Spiritual and artistic grandeur

Serenity beckons

Amidst wilderness: The St John’s Church at McLeodganj. Photo by author

McLeodganj was known as the Ghost Town after the British left India in 1947. This little hilly town came into prominence after the world famous Tibetan spiritual leader and Noble Peace Prize winner, Dalai Lama, settled here with thousands of his followers, after fleeing from Tibet in 1959.

The historical cathedral here, which was once an Army Church for the British soldiers, today, attracts a large number of local tourists and foreign travellers. As many as 500 visitors come to see this artistic wonder every day. The official visiting hours are from 10 am to 5 pm, but the pastor often keeps the church open from early mornings to late evenings.

The church is also renowned for its artistic design and its Belgian stained glass windows, painted by an Italian artist from the 18th century. These stained glass windows were donated to the church by Countess Elgin.
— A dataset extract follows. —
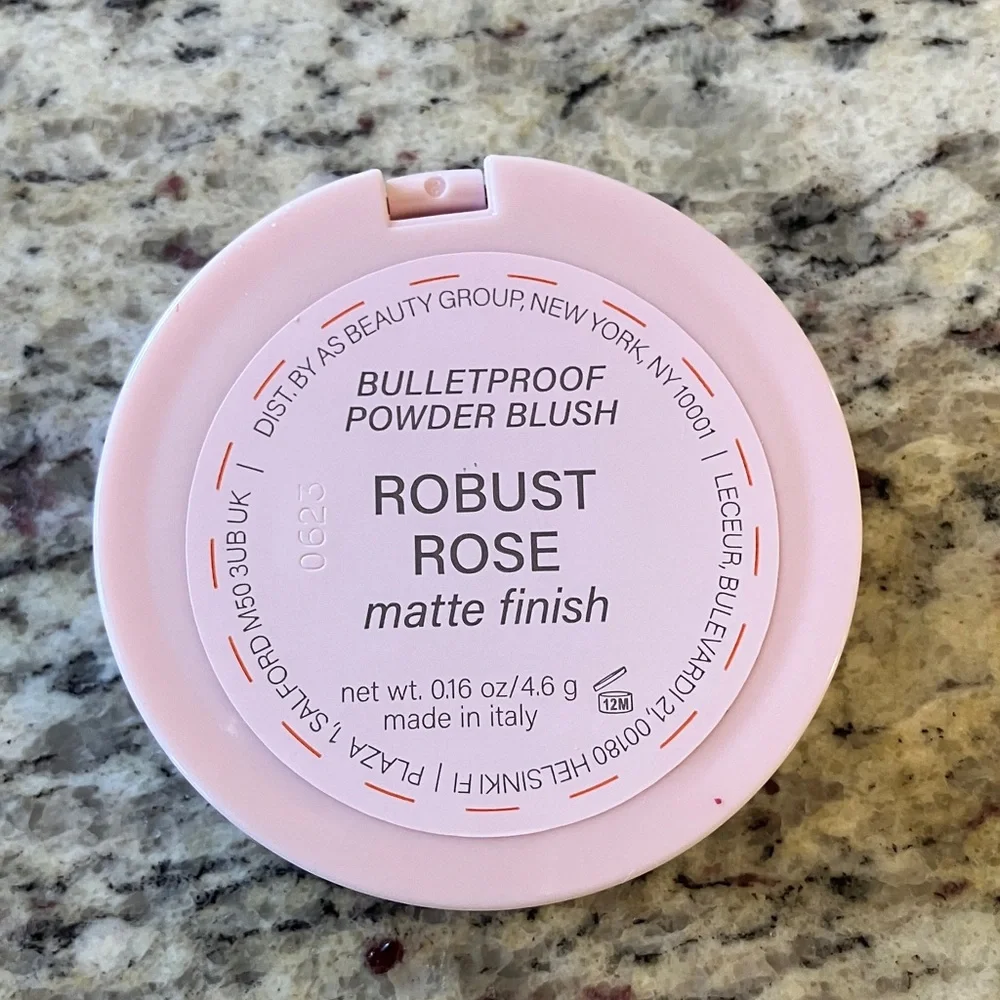 Mally Beauty Bulletproof Powder Blush Robust Rose Matte Finish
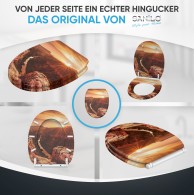 WC-Sitz mit Absenkautomatik und Schnellverschluss Grand Canyon - Premium Toilettendeckel direkt vom Hersteller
Her husband, Lord Elgin, Viceroy and Governor-General of India, died in 1863 and was buried next to the church.

Colonial past

The cathedral nestles amid thick pine and deodar tress and is a place of serenity. “It’s always calm and quiet here. Everything about the place is special — the trees, mountains and snow in the winters. Everything around reflects the beauty of God’s creation,” extols Kunjumon. Scenes from the life of St John the Baptist are depicted on a pair of stained glass windows. As the sun’s rays filter through the deodar and cedar trees surrounding this gray-stone church, the colourful stained-glass paintings light up in all their brilliance.

Outside the church is a beautiful and impressive memorial of Lord Elgin, which has been declared a protected monument of national importance by local authorities. McLeodganj reminded Lord Elgin of his native Scotland. It is said that had he lived longer, then Dharamshala, and not Shimla, would have become the summer capital of the Raj.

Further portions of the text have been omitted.